[[ Data supplied open ]]

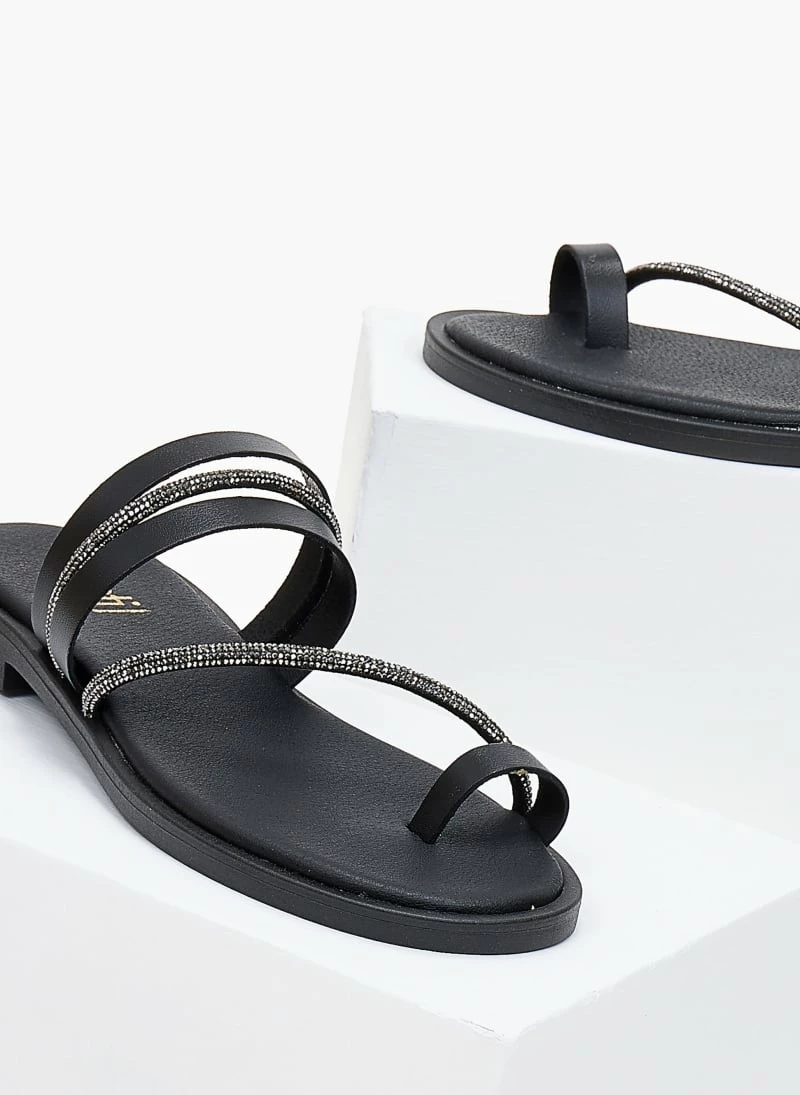 The Fashion Project Σανδάλια δερμάτινα Estil με Strass και λουράκια - Μαύρο 5 The Fashion Project Σανδάλια δερμάτινα Estil με Strass και λουράκια - Μαύρο - Image 3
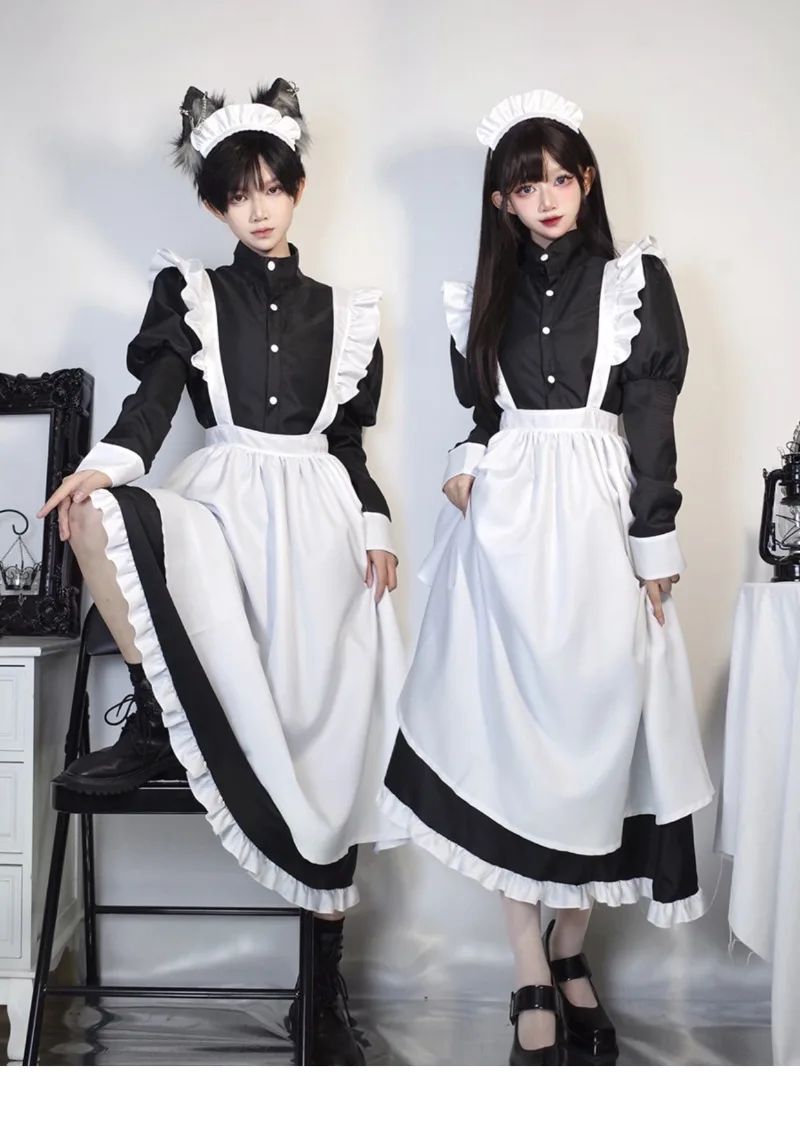 Japanese Style Maid Outfit Black White Long Dress Lolita Unisex Men Women Halloween Costume Uniform Full Set Adults Plus Size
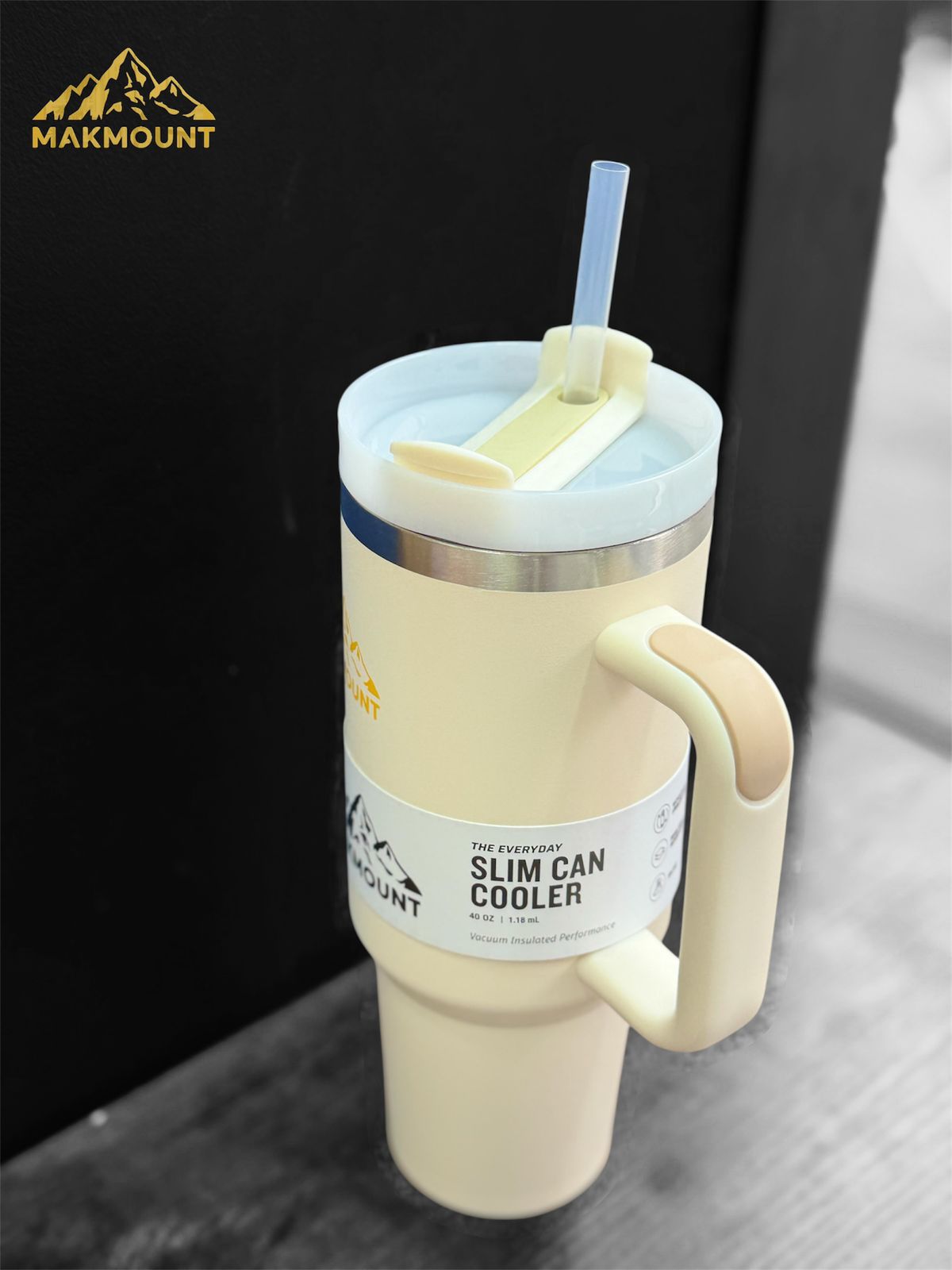 Makmount 40oz Stainless Steel Tumbler with Handle & Straw – Insulated Travel Mug, Stanley Dupe Quality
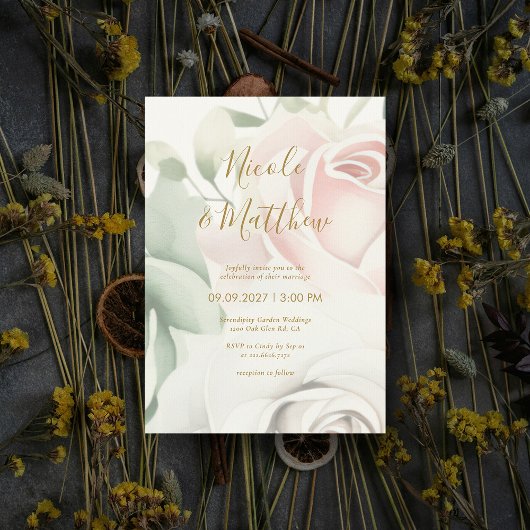 Invitation Roses roses roses et script or Mariage personnalis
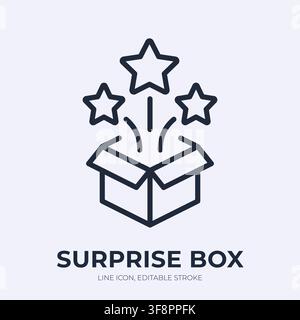 Surprise box line icon. Mystery gift linear vector illustration. Thin sign of open package with flying stars for reward, bonus, giveaway, celebration Stock Vector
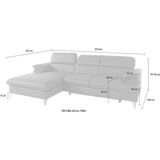 COTTA Ecksofa "Caluso L-Form", inklusive Kopfteilverstellung, wahlweise mit Bettfunktion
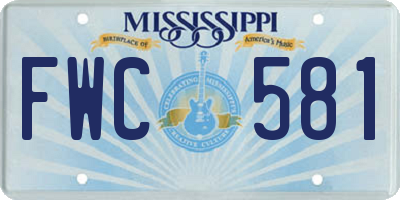 MS license plate FWC581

[[ Data supplied closed ]]

Output, exactly, all the records above; include no pictures.

 The Fashion Project Σανδάλια δερμάτινα Estil με Strass και λουράκια - Μαύρο 5 The Fashion Project Σανδάλια δερμάτινα Estil με Strass και λουράκια - Μαύρο - Image 3
 Japanese Style Maid Outfit Black White Long Dress Lolita Unisex Men Women Halloween Costume Uniform Full Set Adults Plus Size
 Makmount 40oz Stainless Steel Tumbler with Handle & Straw – Insulated Travel Mug, Stanley Dupe Quality
 Invitation Roses roses roses et script or Mariage personnalis
 Surprise box line icon. Mystery gift linear vector illustration. Thin sign of open package with flying stars for reward, bonus, giveaway, celebration Stock Vector
 COTTA Ecksofa "Caluso L-Form", inklusive Kopfteilverstellung, wahlweise mit Bettfunktion
 MS license plate FWC581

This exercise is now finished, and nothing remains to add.